Наполеон чуть поклонился:
– Увы, вы мне явно льстите.
– Я просто констатирую факт. Возможно, что Франция под вашим началом нашла бы другой исторический путь, не связанный с завоеваниями, которые, как мне кажется, приведут лишь к нескончаемым бедствиям французов. Нам с Францией практически нечего делить, а сотрудничество наше могло бы принести достойные плоды. Если, конечно, исключить из него вышеупомянутого гостя вашего кузена, равно как и всю его семью.
– Согласен, мой генерал. Но как именно вы предлагаете все это сделать?
– Для начала мы могли бы освободить всех французских военнопленных под обещание более не воевать с Россией, естественно, за исключением поляков и прочих наемников. Полагаем, что вам можно будет договориться с Пруссией о том, что они доставят вас по железной дороге до границы Пфальца и Лотарингии. Пфальц принадлежит им, а дорога проходит по их территории, кроме кусочка через Гессен. Но Гессен де факто их вассал, поэтому проблем быть не должно. Туда же они могут доставить и оружие.
– Полагаю, устаревшее… Но это все же лучше, чем ничего. А оттуда всего триста пятьдесят километров до Парижа. И, как мне кажется, моя армия будет расти по мере приближения к Парижу. Вряд ли, после всех не-удач, народ будет столь же слепо поддерживать моего кузена.
– Вы, вероятно, правы.
– Знаете, мой генерал, для меня подобное развитие событий было не так давно абсолютно немыслимо. Но когда я вижу, что альтернатива может быть весьма кровавой, то, увы, приходится считать, что ваше предложение как минимум заслуживает рассмотрения.
Конечно, пруссаки не согласятся просто так помочь мне и что-то потребуют взамен. Скорее всего, им захочется заполучить Эльзас и Лотарингию. Впрочем, мы их и так потеряем. С другой стороны, не хочется усиливать Пруссию сверх меры, знаете ли. А что если поступить следующим образом – согласиться на их независимость и возвращение в состав Северо-Германского союза?
– Мой принц, мы пока еще не ознакомились с требованиями Пруссии. Возможно, что они будут умеренными, возможно, что и нет. А пока говорить о чем-либо конкретном явно преждевременно. Тем более что у меня нет таких полномочий… Но если вы примете соответствующее решение, то мы готовы познакомить вас с прусским послом, и, если надо, помочь вам договориться.

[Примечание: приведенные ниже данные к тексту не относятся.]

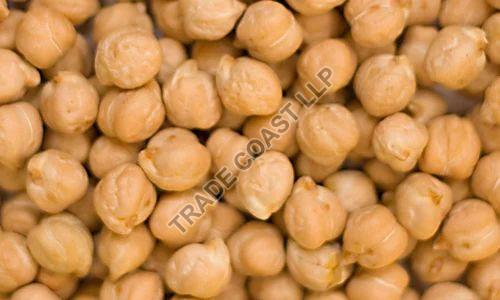 Brown Solid Natural Chickpeas, for Cooking, Grade Standard : Food Grade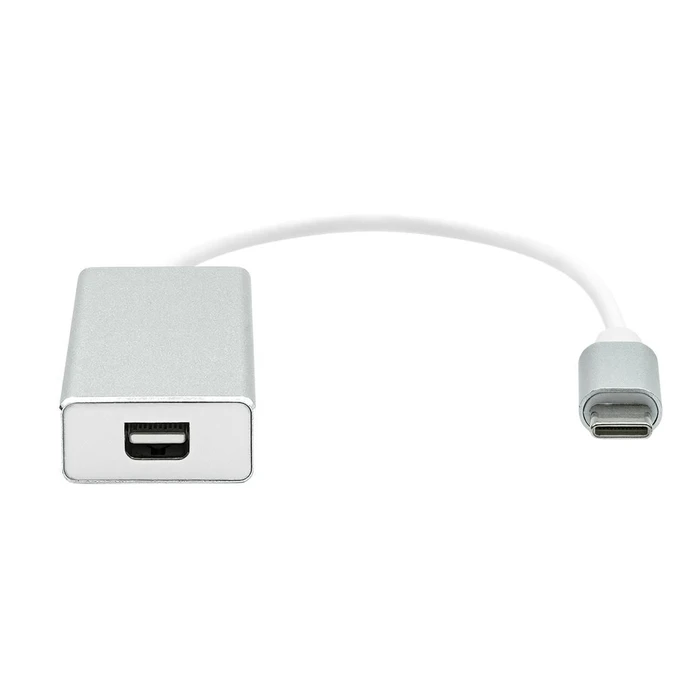 Προσαρμογέας USB Proxtend USB-C σε Mini DisplayPort 20cm Ασημί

– Знаете, у меня сложилось впечатление, что император Николай обязательно прислушается к вашим словам и к словам генерала Перовского. Хорошо, но, наверное, и Россия что-нибудь потребует для себя, хотя бы в качестве компенсации за тот ущерб, который мы нанесли ей в Крыму и других местах?
– В Европе, думаю, Россия вряд ли захочет что-либо получить от Франции. Возможно, что в ваших колониальных владениях мы попросили бы один из карибских островов, а также определенные территории в Полинезии и, например, остров Кергелен. Насколько я знаю, за исключением Карибов, Франция еще не освоила эти территории и от их уступки не понесет большой ущерб.
Наполеон-Жозеф задумался.
– Полагаю, мой генерал, что ваше предложение не просто свое-временно, оно еще и более чем щедрое. Конечно, если Россия не потребует с нас чрезмерной контрибуции.
– Думаю, что не потребует, особенно если ее долги французским банкирам будут обнулены. Но возместить ущерб, нанесенный имуществу частных лиц и российской казне все же придется.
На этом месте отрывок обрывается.